Almanac – July 26th

1533 – Atahualpa, the 13th and last emperor of the Incas, died by strangulation at the hands of Francisco Pizarro’s Spanish conquistadors. His death marked the end of 300 years of Inca civilization.

1856 – George Bernard Shaw born – Irish writer, Nobel laureate.

1875 – Carl Jung born –  Swiss psychiatrist.



1887 – The Unua Libro (Esperanto:  First Book) was the first publication to describe the international language Esperanto (then called Lingvo Internacia, “international language”).First published in Russian  in Warsaw, by Dr. L.L. Zamenhof, the creator of Esperanto, over the next few years editions were published in Russian, Hebrew, Polish, French, German, and English.

The booklet included the Lord’s Prayer, some Bible verses, a letter, poetry, the sixteen rules of grammar and 900 roots of vocabulary. Zamenhof declared, “an international language, like a national one, is common property.” and signed the work as “Doktoro Esperanto”   –  the title stuck as the name of the language which means “one who is hoping”.

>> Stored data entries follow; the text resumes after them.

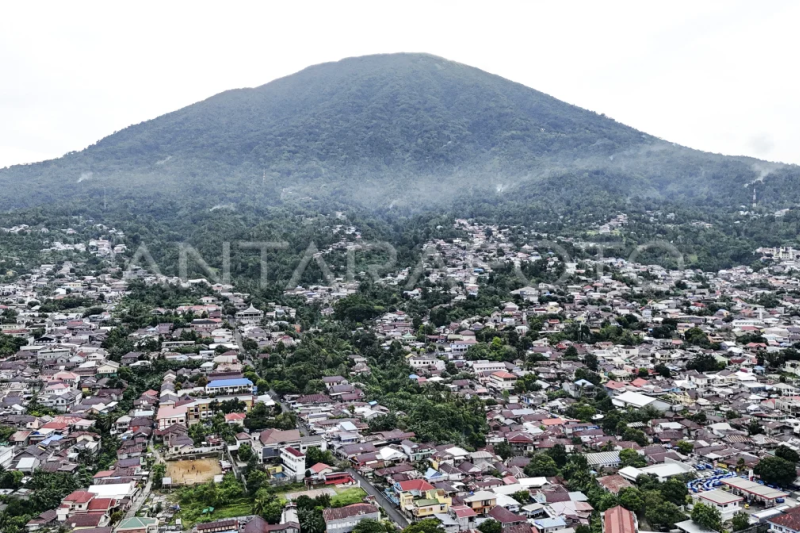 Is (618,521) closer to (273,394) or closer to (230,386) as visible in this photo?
(273,394)

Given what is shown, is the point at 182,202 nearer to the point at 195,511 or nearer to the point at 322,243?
the point at 322,243

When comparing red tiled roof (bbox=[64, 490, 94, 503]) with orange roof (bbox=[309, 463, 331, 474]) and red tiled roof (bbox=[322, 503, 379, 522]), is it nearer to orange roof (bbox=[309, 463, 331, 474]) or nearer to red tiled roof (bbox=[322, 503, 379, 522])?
orange roof (bbox=[309, 463, 331, 474])

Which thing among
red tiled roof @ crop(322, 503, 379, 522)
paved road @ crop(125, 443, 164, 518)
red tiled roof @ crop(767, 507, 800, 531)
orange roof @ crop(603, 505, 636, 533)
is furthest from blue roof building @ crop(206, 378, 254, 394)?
red tiled roof @ crop(767, 507, 800, 531)

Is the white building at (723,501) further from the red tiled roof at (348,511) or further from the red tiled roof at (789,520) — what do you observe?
the red tiled roof at (348,511)

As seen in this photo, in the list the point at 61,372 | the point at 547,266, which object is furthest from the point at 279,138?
the point at 61,372

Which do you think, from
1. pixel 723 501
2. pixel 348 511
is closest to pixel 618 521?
pixel 723 501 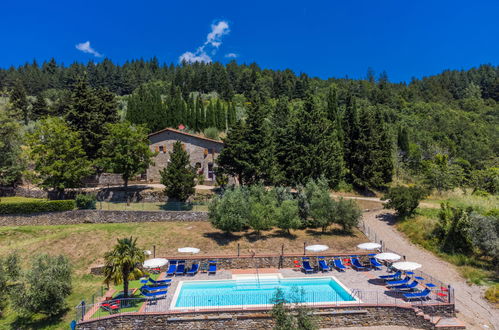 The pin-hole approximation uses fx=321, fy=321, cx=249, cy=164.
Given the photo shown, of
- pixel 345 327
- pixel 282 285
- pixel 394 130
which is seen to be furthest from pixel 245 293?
pixel 394 130

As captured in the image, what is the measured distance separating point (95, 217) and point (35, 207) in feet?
18.3

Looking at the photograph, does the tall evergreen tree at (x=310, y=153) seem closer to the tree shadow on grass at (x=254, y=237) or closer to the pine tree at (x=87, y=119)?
the tree shadow on grass at (x=254, y=237)

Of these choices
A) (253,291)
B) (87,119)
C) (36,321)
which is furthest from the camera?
(87,119)

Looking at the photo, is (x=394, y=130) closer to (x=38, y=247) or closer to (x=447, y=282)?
(x=447, y=282)

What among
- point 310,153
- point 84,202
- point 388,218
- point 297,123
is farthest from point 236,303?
point 297,123

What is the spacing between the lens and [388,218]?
3444cm

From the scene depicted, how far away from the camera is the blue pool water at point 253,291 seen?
1825 centimetres

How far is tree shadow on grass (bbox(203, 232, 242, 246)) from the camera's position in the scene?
27847 millimetres

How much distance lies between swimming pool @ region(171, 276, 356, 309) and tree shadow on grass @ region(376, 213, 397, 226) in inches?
553

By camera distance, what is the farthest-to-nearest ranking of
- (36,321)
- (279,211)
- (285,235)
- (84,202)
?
(84,202) → (285,235) → (279,211) → (36,321)

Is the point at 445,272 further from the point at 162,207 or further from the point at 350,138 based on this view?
the point at 350,138

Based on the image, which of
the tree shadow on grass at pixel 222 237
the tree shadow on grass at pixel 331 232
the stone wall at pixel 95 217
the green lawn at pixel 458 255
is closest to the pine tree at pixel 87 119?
the stone wall at pixel 95 217

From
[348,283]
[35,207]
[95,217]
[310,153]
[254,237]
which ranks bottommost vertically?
[348,283]

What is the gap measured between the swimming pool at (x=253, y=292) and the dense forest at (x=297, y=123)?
1594 cm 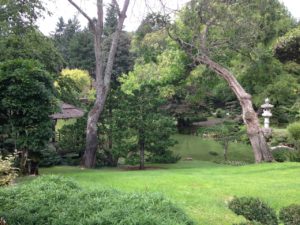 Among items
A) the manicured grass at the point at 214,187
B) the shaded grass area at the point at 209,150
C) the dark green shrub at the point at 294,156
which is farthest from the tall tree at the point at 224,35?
the shaded grass area at the point at 209,150

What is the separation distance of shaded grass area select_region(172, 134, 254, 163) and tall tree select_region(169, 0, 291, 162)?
3.91 meters

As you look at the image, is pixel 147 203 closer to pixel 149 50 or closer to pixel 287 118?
pixel 149 50

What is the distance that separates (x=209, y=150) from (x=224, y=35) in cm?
568

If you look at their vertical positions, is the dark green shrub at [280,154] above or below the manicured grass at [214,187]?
above

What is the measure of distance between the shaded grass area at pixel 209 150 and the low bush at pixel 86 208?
13.1 meters

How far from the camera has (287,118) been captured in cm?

1894 – Aldous Huxley born – English author, best known for  his novel Brave New World and his experiments with  psychedelic drugs, resulting in the essays The Doors of Perception  (from which the band The Doors took their name).

1984 – Ed Gein died.  American murderer and grave robber., his crimes, committed around his hometown of Plainfield, Wisconsin, gathered widespread notoriety after authorities discovered he had exhumed corpses from local graveyards and fashioned trophies and keepsakes from their bones and skin, although he apparently drew the line at necrophilia. After police found body parts in his house in 1957, Gein confessed to killing two women.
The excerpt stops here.